Computer scientist Scott Aaronson of the University of Texas at Austin has been a prominent voice urging caution about QML speedup claims. In his 2015 paper "Read the Fine Print," Aaronson highlighted that many quantum ML algorithms assume the existence of qRAM, ignore the cost of data loading, or provide speedups only in contrived settings. Aaronson and others have argued that for QML to deliver genuine value, researchers must carefully specify the computational model and ensure fair comparisons with classical baselines.
As of early 2026, the consensus in the research community is that no quantum machine learning algorithm has demonstrated a practical advantage over classical methods on a real-world dataset. Demonstrations of quantum speedup have been confined to synthetic benchmarks, specially constructed datasets, or tasks with no direct practical application (such as random circuit sampling). Key researchers including Aram Harrow and Scott Aaronson have emphasized that the path to practical quantum advantage in ML remains uncertain.
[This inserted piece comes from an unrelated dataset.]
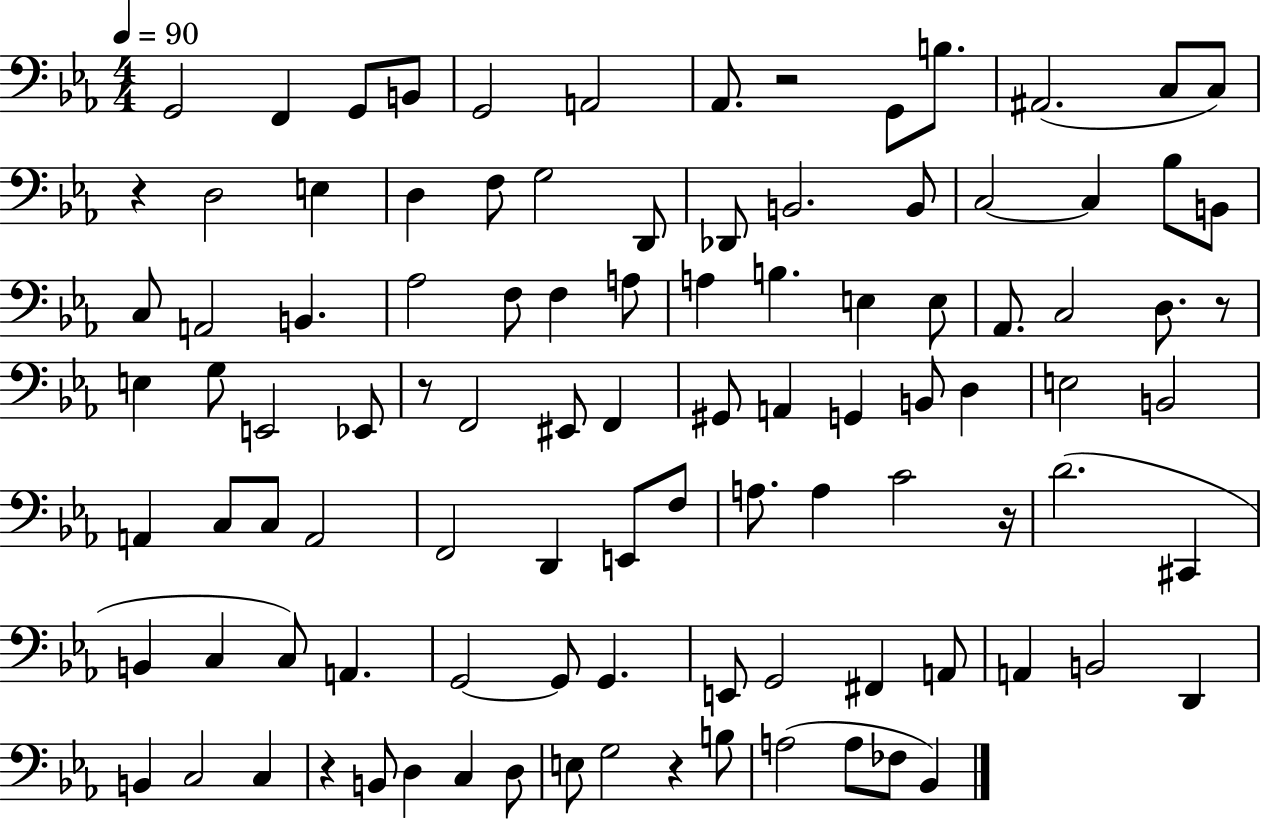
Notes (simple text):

Quantum kernel methods face the problem of kernel concentration, where kernel matrices approach the identity matrix as qubit counts grow beyond roughly 10, degrading model performance. Variational methods face barren plateaus that limit scalability. And fault-tolerant algorithms that promise exponential speedups (such as HHL-based methods) require hardware capabilities that remain years or decades away.
Despite the absence of demonstrated practical advantage, QML research targets several application domains where quantum effects could eventually prove beneficial:
The field of quantum machine learning is in a phase of rapid theoretical development but limited practical impact. Several trends define the current landscape:
Hybrid quantum-classical approaches dominate. Nearly all current QML experiments use hybrid loops where a classical computer handles optimization while a quantum processor executes parameterized circuits. This approach is dictated by the limitations of NISQ hardware.
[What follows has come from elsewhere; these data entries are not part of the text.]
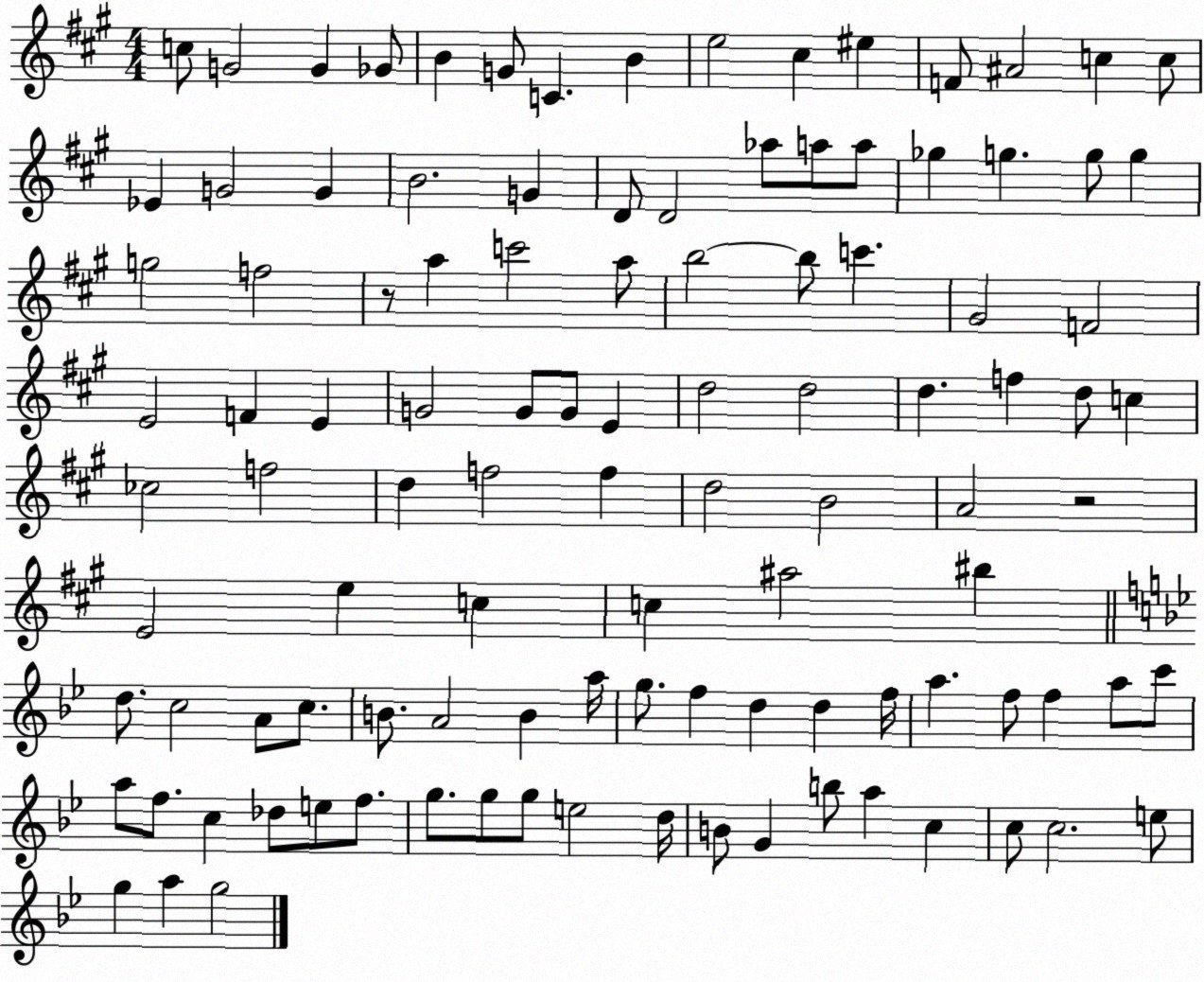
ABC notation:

X:1
T:Untitled
M:4/4
L:1/4
K:A
c/2 G2 G _G/2 B G/2 C B e2 ^c ^e F/2 ^A2 c c/2 _E G2 G B2 G D/2 D2 _a/2 a/2 a/2 _g g g/2 g g2 f2 z/2 a c'2 a/2 b2 b/2 c' ^G2 F2 E2 F E G2 G/2 G/2 E d2 d2 d f d/2 c _c2 f2 d f2 f d2 B2 A2 z2 E2 e c c ^a2 ^b d/2 c2 A/2 c/2 B/2 A2 B a/4 g/2 f d d f/4 a f/2 f a/2 c'/2 a/2 f/2 c _d/2 e/2 f/2 g/2 g/2 g/2 e2 d/4 B/2 G b/2 a c c/2 c2 e/2 g a g2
Error correction is advancing. Google's Willow chip demonstrated below-threshold surface code error correction in 2024, a necessary step toward fault-tolerant quantum computing. IBM's roadmap targets fault tolerance by 2029. These milestones, while important, are still far from enabling the large-scale, error-corrected quantum computers that fault-tolerant QML algorithms require.
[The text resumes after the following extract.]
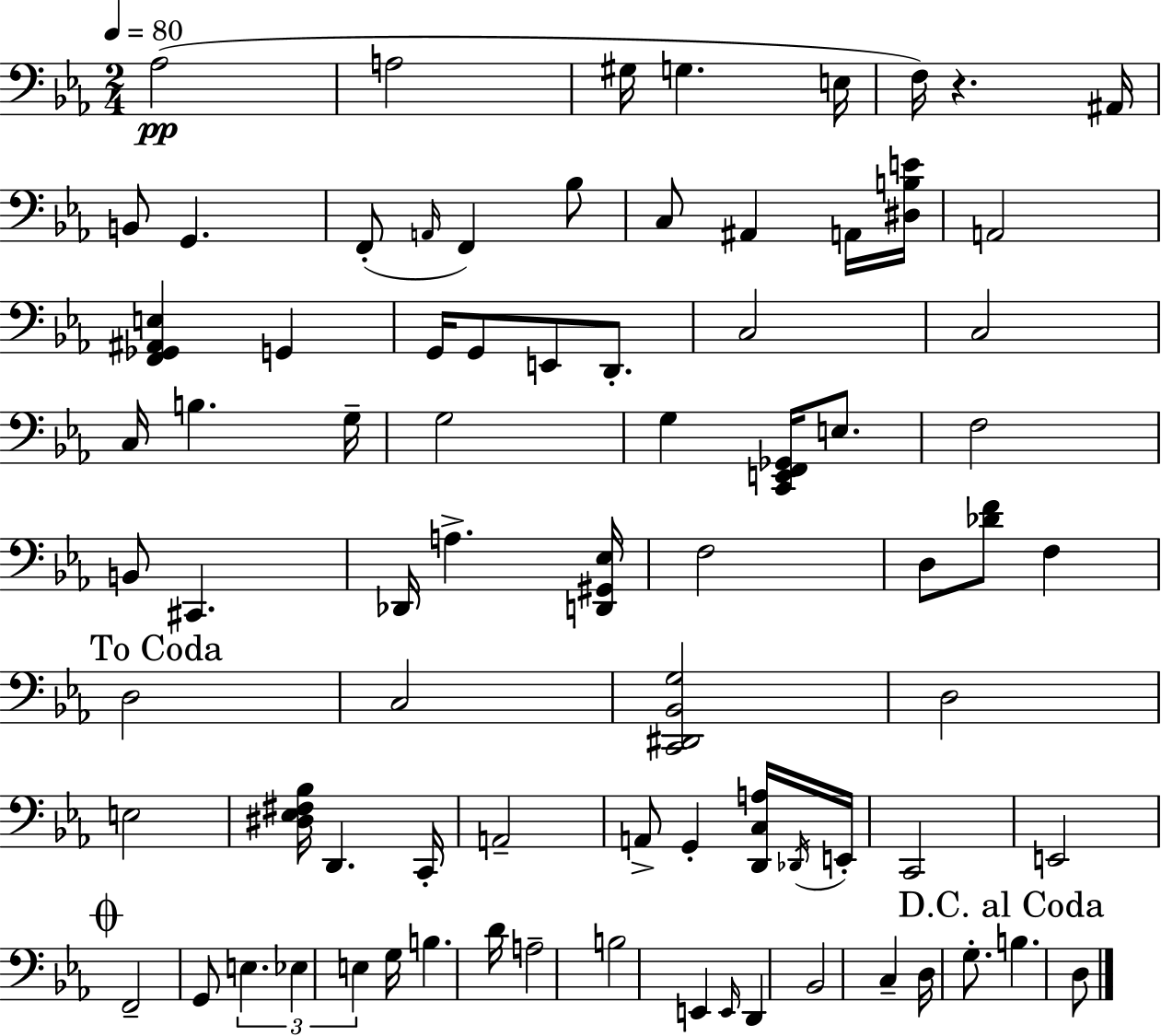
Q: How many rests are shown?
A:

Classical ML continues to advance rapidly. The explosive growth of classical deep learning, particularly large language models and diffusion models, has raised the bar for any quantum approach to demonstrate superiority. Classical hardware (GPUs, TPUs) and algorithms are improving at a pace that makes it difficult for quantum approaches to keep up.
Dequantization has narrowed the gap. The theoretical quantum speedup for many ML tasks has been reduced from exponential to polynomial by classical dequantization results, diminishing the expected returns from quantum approaches to these specific problems.
New frontiers are emerging. Research into quantum advantages for learning properties of quantum systems, quantum error correction decoding, and quantum-enhanced sensing represents promising directions that may yield practical benefits before general-purpose QML.
The global quantum computing market was estimated at $1.8 billion to $3.5 billion in 2025, with projections indicating growth to approximately $5.3 billion by 2029. While quantum machine learning represents only a fraction of this market, it remains one of the most actively researched application areas. The path from current NISQ experiments to practical quantum advantage in ML will likely require significant advances in error correction, qubit quality, and algorithm design.